Na hora de revisar os anzóis (vamos fazer de conta que a pescaria é só com bóias-loucas porque rede é proibido e não fica bem para um rapaz como eu passar por pescador infrator), é sempre bom, ou melhor, imprescindível ter uma canoa, um remador, um retirador de bóias-loucas com uma lanterna boa e um iscador, também com uma lanterna boa. Na última pescaria que tive, fui de iscador, e me arrependo amargamente de não ser um bom piloto de canoa, pois acabei com uns trocentos furos de anzol nos dedos. No entanto, foi altamente positivo eu ficar no meio da canoa. Não fosse isso, poderia ter acontecido uma tragédia com os companheiros de pesca por causa de um liquinho. Eu realmente não sei se quem é mais teimoso, se é o Élvis dos Santos ou o Flávio Jacobi. Acontece que lá pelas tantas, no meio do açude, tava o Élvis remando com um liquinho na parte de trás da canoa, eu no meio, e o Jacobi na parte da frente retirando as bóias. De repente, eis que termina a bateria da lanterna do Flávio. Prontamente, o Élvis sugeriu que ele colocasse o liquinho na frente do barco. Como o Flávio estava retirando as bóias, era iminente um cotovelaço no liquinho e sua imediata submersão à floresta de pinheirinhos (aquelas coisas que nascem no fundo dos açudes). Mas o rapaz, gentilmente, agradeceu a proposta por um motivo. Eis a conversa:
– “Eu não quero ficar com os “zóio” incandiado com esta coisa”, disse.
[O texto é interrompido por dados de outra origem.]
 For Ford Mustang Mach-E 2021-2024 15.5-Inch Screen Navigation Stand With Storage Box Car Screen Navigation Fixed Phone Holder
– “Mas não fica, olha por cima, porque eu já fiz assim”, retrucou Élvis.
– “É, e se esta coisa cai dentro da água tu vai ficar enchendo o saco o resto da pescaria”, treplicou Flávio.
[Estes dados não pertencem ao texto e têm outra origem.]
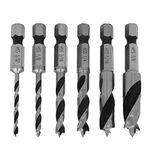 Bestgle 6 Pcs Brad Point Drill Bits, 1/4 Inch Hex Shank HSS Spiral Twist Drill Bit Set for Soft, Hard, Veneered, Laminated Wood MDF Acrylic Woodworking Tool, 3/8", 5/16", 1/4", 3/16", 1/8", 3/32"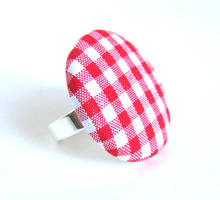 Large red gingham button ring white plaid tartan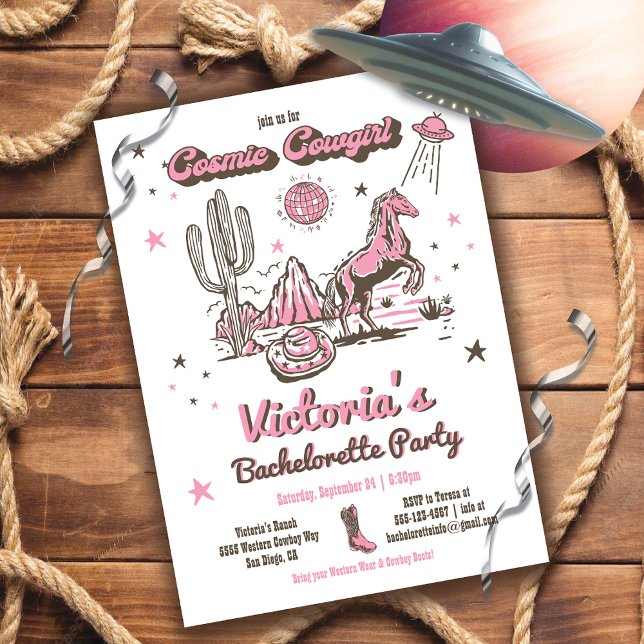 Cosmic Space Cowgirl Western Bachelorette Party Invitation (Creator Uploaded)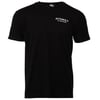 A plain black T-shirt with ARTEMIS II TO THE MOON printed in white text on the upper left chest.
– “Mas não cai, porque eu já fiz assim”, lembrou o outro.
– “Mas eu já disse que não quero”, sentenciou o primeiro.
– “Mas como tu é teimoso”, revidou Élvio.
– “Teimoso é quem teima comigo”, refutou Flávio.
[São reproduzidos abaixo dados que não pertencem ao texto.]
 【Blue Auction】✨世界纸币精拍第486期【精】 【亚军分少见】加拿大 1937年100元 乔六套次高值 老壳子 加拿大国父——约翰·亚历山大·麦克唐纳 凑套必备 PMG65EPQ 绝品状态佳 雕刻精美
Daí peguei o remo que estava sobrando e fiz uma perguntinha só: “Os dois querem voltar nadando pra beira do açude?”, e terminou o papo. Lá pelas tantas, misteriosamente a lanterna do Flávio começou a funcionar, parecia que era alimentada por conversa fiada. Duzentas bóias-loucas depois, dois muçuns brigando com as traíras, meia carga de latinhas de cerveja e três bundas achatadas pelos confortáveis bancos da canoa, findou a primeira revisão. Hora de voltar pro acampamento pra tomar mais umas e colocar o papo em dia. Em meio aos tradicionais mosquitos, que sempre se fazem presentes, goles de cerveja e Bostofon recolhi, dentre tantas, algumas reflexões aproveitáveis e que devem acontecer com todo mundo. Senão vejamos:
Por que muçum engole todo o anzol?
Por que a menor traíra engole o maior anzol?
Por que os borrachudos pegam sempre nas “pestanas” e os mosquitos nas orelhas?
Por que uma mesma bosta de vaca é pisada várias vezes durante a pescaria?
Por que sempre tem um espinho esperando a parte do pé que está fora do chinelo? Por falar em espinhos, vai aqui um conselho do velho pescador Flávio: nunca tire um espinho na pescaria; deixe para tirar em casa e desta forma você não corre o risco de cravar outro no lugar.
Bom, por hoje era isto. Qualquer dia desses volto com a terceira e última parte das venturas e desventuras, onde pretendo abordar o juntamento da tralha, a ressaca pós-pesca e a difícil arte de fazer com que unhas realmente se pareçam com unhas e cabelos deixem de ter aparência de crinas.
PS.: Para quem não sabe, Bostofon é bosta seca de vaca (ou boi) atirada por cima de um braseiro e que dá uma fumaça danada de boa para espantar mosquitos.